** Opening Data supplied block **

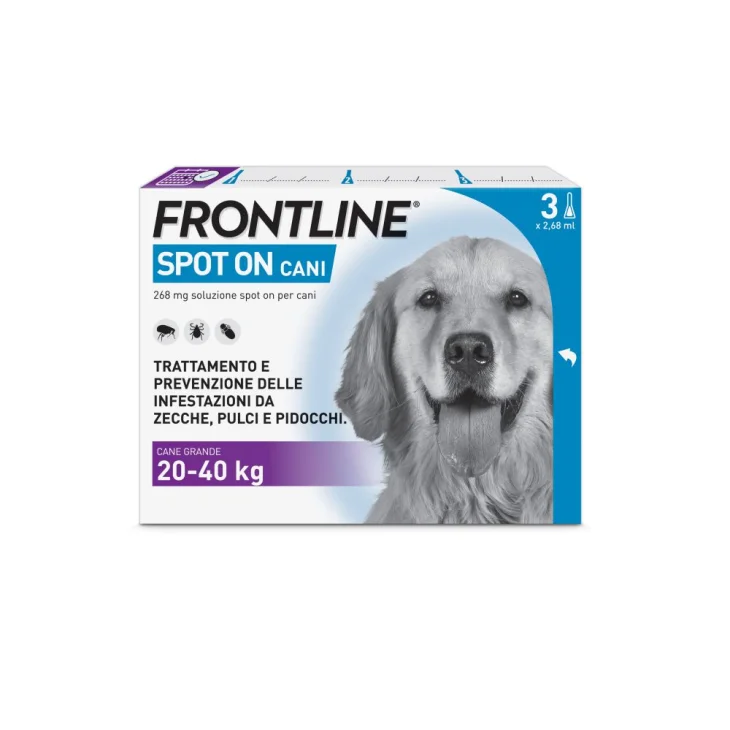 Frontline Spot On Cani da 20 a 40 kg - Pipette antiparassitarie per cani grandi Contro Pulci, Zecche E Pidocchi - 3 pipette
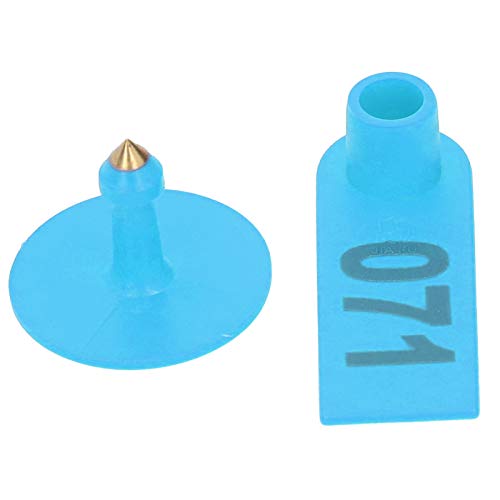 Etiqueta de orelha de ovelha, etiquetas numeradas, etiquetas para ovelhas, cabras, gado, ração (azul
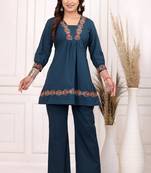 Floral embroidered pure cotton v neck co-ord set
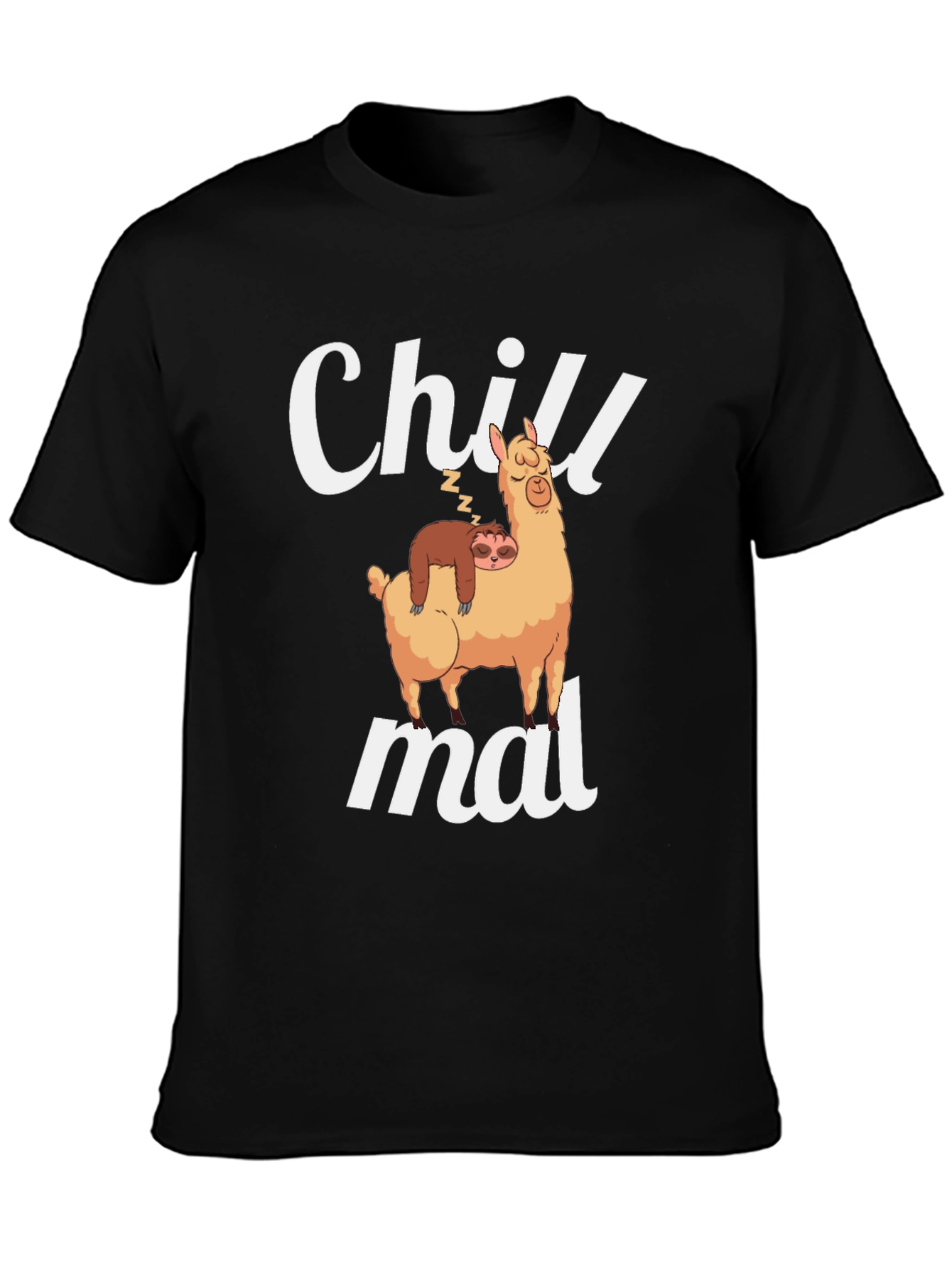Chill Mal T-Shirt - Llama and Sloth Black Tee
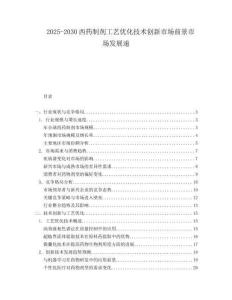 2025-2030西藥制劑工藝優(yōu)化技術(shù)創(chuàng)新市場前景市場發(fā)展速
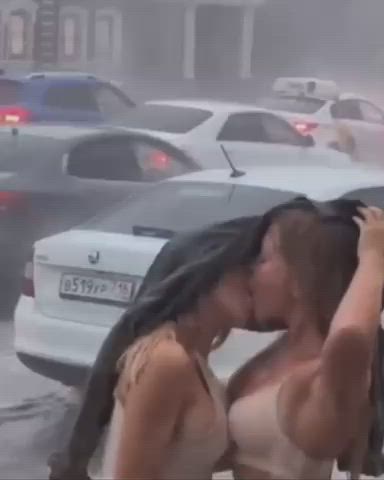 Kissing in the rain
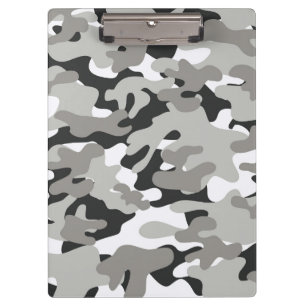 Schwarz-Grau-Camouflage-Design Klemmbrett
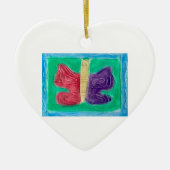 Originele kleurrijke vlinder, jonge kunstenaar | keramisch ornament (Voorkant)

** Closing Data supplied block **

▸ Problem:
A verbatim copy of the listing, with all pictures removed, is required.

▸ Solved problem:
 Frontline Spot On Cani da 20 a 40 kg - Pipette antiparassitarie per cani grandi Contro Pulci, Zecche E Pidocchi - 3 pipette
 Etiqueta de orelha de ovelha, etiquetas numeradas, etiquetas para ovelhas, cabras, gado, ração (azul
 Floral embroidered pure cotton v neck co-ord set
Chill Mal T-Shirt - Llama and Sloth Black Tee
 2025-2030西藥制劑工藝優(yōu)化技術(shù)創(chuàng)新市場前景市場發(fā)展速
 Kissing in the rain
 Schwarz-Grau-Camouflage-Design Klemmbrett
 Originele kleurrijke vlinder, jonge kunstenaar | keramisch ornament (Voorkant)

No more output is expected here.